In several posts (cf. On the Reflexive Self-Awareness of Civilizations and Five Ways to Think about Civilization) I have argued that industrialized civilization possesses less self-understanding than agricultural civilizations, because agricultural civilizations understand that agriculture is the source of their wealth, whereas most individuals who constitute the population of industrialized societies do not understand that science is the ultimate source of their wealth and what has driven the great divergence. An industrialized civilization might stagnate at some level of technological development, when everyone in the society is sufficiently comfortable and is sufficiently entertained that there is no longer any ambition to pursue change (the perennial function of bread and circuses). As long as the pursuit of science is not part of the central project of a given industrial civilization, there will be no imperative to continue the kind of scientific research that would result in new technologies and new industries. An industrialized civilization can thus indefinitely remain ignorant of its ultimate source of wealth (though it will not necessarily remain ignorant).

In what I would call a properly scientific civilization, in which the pursuit of science is part of the central project of the civilization — when science is pursued for its own sake, as an end in itself — eventually this pursuit of scientific knowledge as an intrinsic good to be sought for its own sake, will turn toward the clarification of the idea of civilization, and the thematization of scientific civilization itself as an object of knowledge. A scientific civilization that eventually arrives at the point of thematizing itself as an object of knowledge will, by definition, attain a level of self-understanding beyond that of extant industrialized civilizations.
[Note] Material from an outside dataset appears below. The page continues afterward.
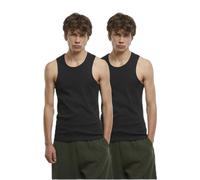 Urban Classics Débardeurs côtelés TB7650A – Lot de 2 Homme Noir M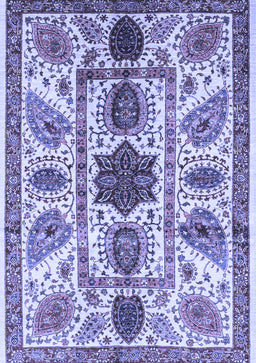 Abstract Blue Modern Rug, abs3376blu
Moreover, this self-understanding of scientific civilization will be far superior to the self-understanding of agricultural civilizations, because it will be based on a systematically elaborated scientific understanding; the self-understanding of agricultural civilizations is usually intuitive, informal, and anecdotal.

In this way, then, scientific civilization inevitably leads to a science of civilization. And it is at least arguable, even if perhaps not plausible, that an industrialized civilization that reaches a level of maturity at which a science of civilization is eventually formulated, might be nudged toward becoming a scientific civilization through this experience of research into a science of civilization, so that a science of civilization could influence the development of a scientific civilization. This is a weak argument, however, and, while I find it unpersuasive, I will not dismiss it out of hand; it remains and will remain a possibility. As we do not yet know the limits of central project formation, we cannot afford to dismiss any possibility

We today inhabit an industrialized civilization that derives is productivity from science, but there is little or no awareness that science lies at the basis of our wealth. This is one sign, inter alia, that we are not a scientific civilization — or, at least, not yet a mature scientific civilization — because we do not have a science of civilization. Without a science of civilization, without a systematic framework for thinking about civilization, philosophers who have turned their attention to the problem of civilization have typically seized upon some one aspect of civilization that has suggested itself to them, presumably because this particular aspect of civilization happened to align with their habitual interests.

Most discussions of scientific civilization are thus little more than comments made in passing while discussing other matters. I have previously taken up brief remarks on scientific civilization by Jacob Bronowski (“Pathways into the Deep Future: A Commentary on Jacob Bronowski’s Comment on Scientific Civilization”), as well as discussing Susanne K. Langer’s essay on civilization, which is more than a mere remark in passing (“The Role of Science in Enlightenment Universalism: A Commentary on Susanne K. Langer on Scientific Civilization”). Now I am going to take up a few remarks in passing that Edmund Husserl made about scientific civilization — remarks that are particular interesting in light of the relation between scientific civilization and a science of civilization noted above.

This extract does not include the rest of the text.